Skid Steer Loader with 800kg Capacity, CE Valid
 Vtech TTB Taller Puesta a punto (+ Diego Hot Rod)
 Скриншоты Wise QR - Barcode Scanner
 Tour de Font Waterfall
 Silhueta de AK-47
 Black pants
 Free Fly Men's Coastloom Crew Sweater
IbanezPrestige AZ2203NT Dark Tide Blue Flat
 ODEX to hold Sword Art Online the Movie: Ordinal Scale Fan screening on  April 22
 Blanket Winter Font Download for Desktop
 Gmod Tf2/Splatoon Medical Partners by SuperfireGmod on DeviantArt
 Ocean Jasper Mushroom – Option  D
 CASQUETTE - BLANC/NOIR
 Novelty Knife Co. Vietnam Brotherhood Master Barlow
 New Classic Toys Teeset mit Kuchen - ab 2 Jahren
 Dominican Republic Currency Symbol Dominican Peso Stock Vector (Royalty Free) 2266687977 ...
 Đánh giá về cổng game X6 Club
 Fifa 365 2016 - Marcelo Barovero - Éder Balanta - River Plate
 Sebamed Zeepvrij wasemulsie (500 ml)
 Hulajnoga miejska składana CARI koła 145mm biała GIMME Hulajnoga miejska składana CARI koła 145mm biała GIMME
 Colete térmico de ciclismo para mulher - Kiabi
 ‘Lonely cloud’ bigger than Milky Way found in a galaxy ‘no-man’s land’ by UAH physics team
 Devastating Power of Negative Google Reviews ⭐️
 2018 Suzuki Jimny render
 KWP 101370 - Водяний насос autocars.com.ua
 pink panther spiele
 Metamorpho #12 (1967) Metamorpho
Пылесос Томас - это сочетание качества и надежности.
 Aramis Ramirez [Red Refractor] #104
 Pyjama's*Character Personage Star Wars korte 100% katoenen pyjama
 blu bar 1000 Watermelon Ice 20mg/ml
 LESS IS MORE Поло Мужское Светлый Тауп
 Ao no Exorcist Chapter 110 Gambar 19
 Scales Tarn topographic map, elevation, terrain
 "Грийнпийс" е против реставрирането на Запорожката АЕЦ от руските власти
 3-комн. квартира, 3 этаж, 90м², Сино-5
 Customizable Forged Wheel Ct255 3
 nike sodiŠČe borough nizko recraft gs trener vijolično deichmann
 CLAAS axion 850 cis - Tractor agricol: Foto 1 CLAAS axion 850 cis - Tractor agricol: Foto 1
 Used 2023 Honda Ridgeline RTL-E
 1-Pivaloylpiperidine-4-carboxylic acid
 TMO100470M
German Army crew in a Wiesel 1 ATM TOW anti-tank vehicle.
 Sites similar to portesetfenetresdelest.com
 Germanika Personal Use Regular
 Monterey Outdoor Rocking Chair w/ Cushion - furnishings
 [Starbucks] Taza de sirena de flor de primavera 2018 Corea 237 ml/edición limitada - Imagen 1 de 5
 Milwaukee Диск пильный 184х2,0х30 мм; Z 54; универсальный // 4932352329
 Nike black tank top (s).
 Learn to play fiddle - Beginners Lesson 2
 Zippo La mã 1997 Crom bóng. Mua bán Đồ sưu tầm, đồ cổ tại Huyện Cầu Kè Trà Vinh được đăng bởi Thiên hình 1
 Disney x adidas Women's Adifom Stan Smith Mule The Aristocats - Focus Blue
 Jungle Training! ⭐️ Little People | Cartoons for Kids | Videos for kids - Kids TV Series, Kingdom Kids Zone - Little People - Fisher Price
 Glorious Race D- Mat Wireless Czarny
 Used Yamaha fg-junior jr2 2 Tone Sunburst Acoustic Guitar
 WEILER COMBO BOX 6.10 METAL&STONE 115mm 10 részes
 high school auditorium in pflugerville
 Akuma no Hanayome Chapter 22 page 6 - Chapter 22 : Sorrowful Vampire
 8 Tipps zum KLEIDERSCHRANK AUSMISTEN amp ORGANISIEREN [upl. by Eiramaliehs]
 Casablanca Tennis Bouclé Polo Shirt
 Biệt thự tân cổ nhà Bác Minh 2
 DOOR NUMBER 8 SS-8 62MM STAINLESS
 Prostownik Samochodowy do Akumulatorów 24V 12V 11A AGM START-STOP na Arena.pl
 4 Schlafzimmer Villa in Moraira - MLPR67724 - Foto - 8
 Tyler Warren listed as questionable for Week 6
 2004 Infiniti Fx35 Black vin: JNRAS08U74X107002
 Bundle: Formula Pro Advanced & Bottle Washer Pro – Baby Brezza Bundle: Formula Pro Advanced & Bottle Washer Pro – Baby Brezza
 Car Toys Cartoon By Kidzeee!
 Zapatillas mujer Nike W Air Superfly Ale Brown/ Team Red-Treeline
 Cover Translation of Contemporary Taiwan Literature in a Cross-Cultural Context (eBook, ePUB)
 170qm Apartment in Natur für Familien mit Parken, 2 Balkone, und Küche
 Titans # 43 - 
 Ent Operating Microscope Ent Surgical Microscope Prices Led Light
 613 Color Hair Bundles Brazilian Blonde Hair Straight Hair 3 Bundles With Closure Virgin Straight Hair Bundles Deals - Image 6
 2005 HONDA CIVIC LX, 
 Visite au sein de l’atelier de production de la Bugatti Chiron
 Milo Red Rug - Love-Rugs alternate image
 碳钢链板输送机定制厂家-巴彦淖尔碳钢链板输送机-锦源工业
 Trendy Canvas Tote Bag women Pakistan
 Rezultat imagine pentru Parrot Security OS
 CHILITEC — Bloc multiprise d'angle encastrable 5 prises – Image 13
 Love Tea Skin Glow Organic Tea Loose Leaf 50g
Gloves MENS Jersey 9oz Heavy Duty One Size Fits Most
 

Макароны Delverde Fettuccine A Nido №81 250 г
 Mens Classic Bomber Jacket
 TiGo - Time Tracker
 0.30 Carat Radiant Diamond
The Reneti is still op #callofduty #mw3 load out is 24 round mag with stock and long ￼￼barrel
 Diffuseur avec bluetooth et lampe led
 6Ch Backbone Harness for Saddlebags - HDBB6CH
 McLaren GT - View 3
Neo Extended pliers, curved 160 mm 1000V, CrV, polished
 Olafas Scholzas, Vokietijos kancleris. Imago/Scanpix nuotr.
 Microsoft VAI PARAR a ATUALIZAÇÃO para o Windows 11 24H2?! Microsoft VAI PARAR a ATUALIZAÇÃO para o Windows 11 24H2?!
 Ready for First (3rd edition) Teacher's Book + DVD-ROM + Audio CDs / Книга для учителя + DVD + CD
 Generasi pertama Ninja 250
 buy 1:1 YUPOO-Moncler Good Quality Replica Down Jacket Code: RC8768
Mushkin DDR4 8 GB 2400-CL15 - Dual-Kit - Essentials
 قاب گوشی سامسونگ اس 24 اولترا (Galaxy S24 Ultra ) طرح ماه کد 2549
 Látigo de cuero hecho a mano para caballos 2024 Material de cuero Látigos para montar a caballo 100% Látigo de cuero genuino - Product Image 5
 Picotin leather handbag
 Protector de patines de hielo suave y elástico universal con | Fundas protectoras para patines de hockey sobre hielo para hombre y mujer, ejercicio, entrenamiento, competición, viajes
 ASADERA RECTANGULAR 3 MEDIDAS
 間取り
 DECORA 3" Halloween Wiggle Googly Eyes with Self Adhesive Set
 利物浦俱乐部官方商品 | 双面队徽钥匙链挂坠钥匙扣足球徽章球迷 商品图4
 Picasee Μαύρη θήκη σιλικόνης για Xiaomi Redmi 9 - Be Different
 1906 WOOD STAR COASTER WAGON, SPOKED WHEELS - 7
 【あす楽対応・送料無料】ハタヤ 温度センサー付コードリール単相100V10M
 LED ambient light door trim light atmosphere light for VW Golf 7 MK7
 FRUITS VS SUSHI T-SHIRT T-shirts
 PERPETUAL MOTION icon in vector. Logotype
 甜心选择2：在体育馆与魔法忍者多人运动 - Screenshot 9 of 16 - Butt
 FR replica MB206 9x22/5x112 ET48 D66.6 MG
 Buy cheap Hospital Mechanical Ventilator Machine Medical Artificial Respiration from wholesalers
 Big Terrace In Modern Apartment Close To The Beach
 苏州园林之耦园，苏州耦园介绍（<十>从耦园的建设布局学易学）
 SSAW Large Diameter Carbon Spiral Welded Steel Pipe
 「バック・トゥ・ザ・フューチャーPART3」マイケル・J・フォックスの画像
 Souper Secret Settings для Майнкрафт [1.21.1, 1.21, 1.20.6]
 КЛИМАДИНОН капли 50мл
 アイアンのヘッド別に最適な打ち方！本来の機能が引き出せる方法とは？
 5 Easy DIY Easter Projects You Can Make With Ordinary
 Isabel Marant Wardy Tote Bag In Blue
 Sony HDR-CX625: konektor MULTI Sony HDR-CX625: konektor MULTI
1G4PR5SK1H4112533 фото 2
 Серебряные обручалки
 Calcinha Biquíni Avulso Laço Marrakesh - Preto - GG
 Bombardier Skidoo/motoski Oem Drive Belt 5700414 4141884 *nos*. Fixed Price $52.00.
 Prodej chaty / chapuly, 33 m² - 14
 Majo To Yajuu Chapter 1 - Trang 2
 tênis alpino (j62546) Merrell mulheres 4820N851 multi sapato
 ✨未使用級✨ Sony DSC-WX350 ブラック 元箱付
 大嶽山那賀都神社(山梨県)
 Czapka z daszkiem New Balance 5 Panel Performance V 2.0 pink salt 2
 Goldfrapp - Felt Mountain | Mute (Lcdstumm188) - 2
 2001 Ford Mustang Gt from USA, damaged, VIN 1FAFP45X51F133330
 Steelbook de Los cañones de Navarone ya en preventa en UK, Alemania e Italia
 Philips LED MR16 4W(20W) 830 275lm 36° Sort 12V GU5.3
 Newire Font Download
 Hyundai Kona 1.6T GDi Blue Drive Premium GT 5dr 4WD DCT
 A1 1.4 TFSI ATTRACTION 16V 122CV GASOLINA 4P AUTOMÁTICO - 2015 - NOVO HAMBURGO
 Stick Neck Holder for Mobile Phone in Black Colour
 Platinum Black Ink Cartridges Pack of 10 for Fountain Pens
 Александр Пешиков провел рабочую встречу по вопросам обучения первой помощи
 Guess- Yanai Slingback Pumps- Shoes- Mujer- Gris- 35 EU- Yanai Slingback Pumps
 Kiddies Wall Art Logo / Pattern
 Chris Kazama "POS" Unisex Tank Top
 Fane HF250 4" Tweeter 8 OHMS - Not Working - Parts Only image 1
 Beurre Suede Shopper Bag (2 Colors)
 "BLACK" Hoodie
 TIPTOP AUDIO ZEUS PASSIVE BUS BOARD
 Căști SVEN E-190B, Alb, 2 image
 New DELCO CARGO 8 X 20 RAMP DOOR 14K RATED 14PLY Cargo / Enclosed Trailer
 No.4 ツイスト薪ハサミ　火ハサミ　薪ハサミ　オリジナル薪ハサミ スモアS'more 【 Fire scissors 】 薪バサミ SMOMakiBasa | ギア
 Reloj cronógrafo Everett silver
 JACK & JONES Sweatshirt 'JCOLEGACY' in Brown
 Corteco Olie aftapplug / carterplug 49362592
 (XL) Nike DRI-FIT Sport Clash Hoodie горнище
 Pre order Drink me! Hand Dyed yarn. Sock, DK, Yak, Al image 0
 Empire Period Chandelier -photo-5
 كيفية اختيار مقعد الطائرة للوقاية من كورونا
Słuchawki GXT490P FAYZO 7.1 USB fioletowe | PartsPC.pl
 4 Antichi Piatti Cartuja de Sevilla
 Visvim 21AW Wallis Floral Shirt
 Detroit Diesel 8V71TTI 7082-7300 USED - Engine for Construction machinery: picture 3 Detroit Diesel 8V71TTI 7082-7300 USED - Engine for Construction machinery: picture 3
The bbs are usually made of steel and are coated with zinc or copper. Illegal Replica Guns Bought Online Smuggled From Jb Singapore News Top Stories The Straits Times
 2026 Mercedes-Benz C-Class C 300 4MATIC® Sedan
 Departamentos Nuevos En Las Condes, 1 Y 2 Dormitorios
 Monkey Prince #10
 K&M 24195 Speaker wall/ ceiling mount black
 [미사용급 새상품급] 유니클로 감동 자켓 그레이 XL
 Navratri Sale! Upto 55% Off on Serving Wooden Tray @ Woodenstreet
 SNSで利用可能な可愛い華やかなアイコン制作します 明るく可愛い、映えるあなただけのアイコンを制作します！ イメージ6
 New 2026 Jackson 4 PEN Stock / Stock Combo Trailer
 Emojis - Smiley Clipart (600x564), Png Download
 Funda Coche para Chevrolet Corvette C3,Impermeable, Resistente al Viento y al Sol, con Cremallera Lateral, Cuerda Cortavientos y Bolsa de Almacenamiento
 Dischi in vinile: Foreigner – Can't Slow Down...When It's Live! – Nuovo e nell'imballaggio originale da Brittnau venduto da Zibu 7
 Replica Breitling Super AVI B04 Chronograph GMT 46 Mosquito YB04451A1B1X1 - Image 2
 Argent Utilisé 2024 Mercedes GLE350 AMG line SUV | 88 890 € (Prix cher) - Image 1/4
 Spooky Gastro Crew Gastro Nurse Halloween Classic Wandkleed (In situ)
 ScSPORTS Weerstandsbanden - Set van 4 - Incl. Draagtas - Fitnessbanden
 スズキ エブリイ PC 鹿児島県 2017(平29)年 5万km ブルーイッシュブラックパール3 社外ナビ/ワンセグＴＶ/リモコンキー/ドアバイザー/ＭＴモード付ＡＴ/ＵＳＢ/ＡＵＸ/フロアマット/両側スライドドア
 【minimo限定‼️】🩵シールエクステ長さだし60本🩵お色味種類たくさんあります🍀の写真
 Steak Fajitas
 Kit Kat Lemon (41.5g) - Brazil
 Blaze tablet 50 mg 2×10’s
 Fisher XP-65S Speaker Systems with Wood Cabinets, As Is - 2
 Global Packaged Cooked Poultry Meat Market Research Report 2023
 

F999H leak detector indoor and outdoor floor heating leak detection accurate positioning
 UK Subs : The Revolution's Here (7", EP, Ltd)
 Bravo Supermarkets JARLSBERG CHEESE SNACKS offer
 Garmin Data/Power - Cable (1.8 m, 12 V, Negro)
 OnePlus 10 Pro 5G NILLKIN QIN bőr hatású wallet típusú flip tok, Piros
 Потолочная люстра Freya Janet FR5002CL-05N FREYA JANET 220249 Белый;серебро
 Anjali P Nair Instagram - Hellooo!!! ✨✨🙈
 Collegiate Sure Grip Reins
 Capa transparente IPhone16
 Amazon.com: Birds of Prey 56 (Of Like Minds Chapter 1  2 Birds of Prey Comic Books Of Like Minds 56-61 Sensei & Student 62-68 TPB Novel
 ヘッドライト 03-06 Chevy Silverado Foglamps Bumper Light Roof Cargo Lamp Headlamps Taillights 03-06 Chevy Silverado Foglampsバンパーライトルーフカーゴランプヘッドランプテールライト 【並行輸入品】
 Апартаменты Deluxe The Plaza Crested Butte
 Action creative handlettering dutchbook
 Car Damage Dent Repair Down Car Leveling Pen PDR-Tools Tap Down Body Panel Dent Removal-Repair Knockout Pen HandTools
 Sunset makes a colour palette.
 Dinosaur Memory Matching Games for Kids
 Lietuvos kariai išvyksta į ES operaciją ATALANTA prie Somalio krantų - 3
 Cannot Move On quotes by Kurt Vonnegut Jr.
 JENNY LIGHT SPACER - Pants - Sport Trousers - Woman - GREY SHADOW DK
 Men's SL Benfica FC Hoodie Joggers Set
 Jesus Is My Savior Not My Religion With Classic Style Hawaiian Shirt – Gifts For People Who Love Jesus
________________________
Among the records above, only the lines between the line holding "Hyundai Kona 1.6T" and the line holding "K&M 24195 Speaker wall/ ceiling mount black", inclusive, are to be output, exactly as written.

Answer space:
 Hyundai Kona 1.6T GDi Blue Drive Premium GT 5dr 4WD DCT
 A1 1.4 TFSI ATTRACTION 16V 122CV GASOLINA 4P AUTOMÁTICO - 2015 - NOVO HAMBURGO
 Stick Neck Holder for Mobile Phone in Black Colour
 Platinum Black Ink Cartridges Pack of 10 for Fountain Pens
 Александр Пешиков провел рабочую встречу по вопросам обучения первой помощи
 Guess- Yanai Slingback Pumps- Shoes- Mujer- Gris- 35 EU- Yanai Slingback Pumps
 Kiddies Wall Art Logo / Pattern
 Chris Kazama "POS" Unisex Tank Top
 Fane HF250 4" Tweeter 8 OHMS - Not Working - Parts Only image 1
 Beurre Suede Shopper Bag (2 Colors)
 "BLACK" Hoodie
 TIPTOP AUDIO ZEUS PASSIVE BUS BOARD
 Căști SVEN E-190B, Alb, 2 image
 New DELCO CARGO 8 X 20 RAMP DOOR 14K RATED 14PLY Cargo / Enclosed Trailer
 No.4 ツイスト薪ハサミ　火ハサミ　薪ハサミ　オリジナル薪ハサミ スモアS'more 【 Fire scissors 】 薪バサミ SMOMakiBasa | ギア
 Reloj cronógrafo Everett silver
 JACK & JONES Sweatshirt 'JCOLEGACY' in Brown
 Corteco Olie aftapplug / carterplug 49362592
 (XL) Nike DRI-FIT Sport Clash Hoodie горнище
 Pre order Drink me! Hand Dyed yarn. Sock, DK, Yak, Al image 0
 Empire Period Chandelier -photo-5
 كيفية اختيار مقعد الطائرة للوقاية من كورونا
Słuchawki GXT490P FAYZO 7.1 USB fioletowe | PartsPC.pl
 4 Antichi Piatti Cartuja de Sevilla
 Visvim 21AW Wallis Floral Shirt
 Detroit Diesel 8V71TTI 7082-7300 USED - Engine for Construction machinery: picture 3 Detroit Diesel 8V71TTI 7082-7300 USED - Engine for Construction machinery: picture 3
The bbs are usually made of steel and are coated with zinc or copper. Illegal Replica Guns Bought Online Smuggled From Jb Singapore News Top Stories The Straits Times
 2026 Mercedes-Benz C-Class C 300 4MATIC® Sedan
 Departamentos Nuevos En Las Condes, 1 Y 2 Dormitorios
 Monkey Prince #10
 K&M 24195 Speaker wall/ ceiling mount black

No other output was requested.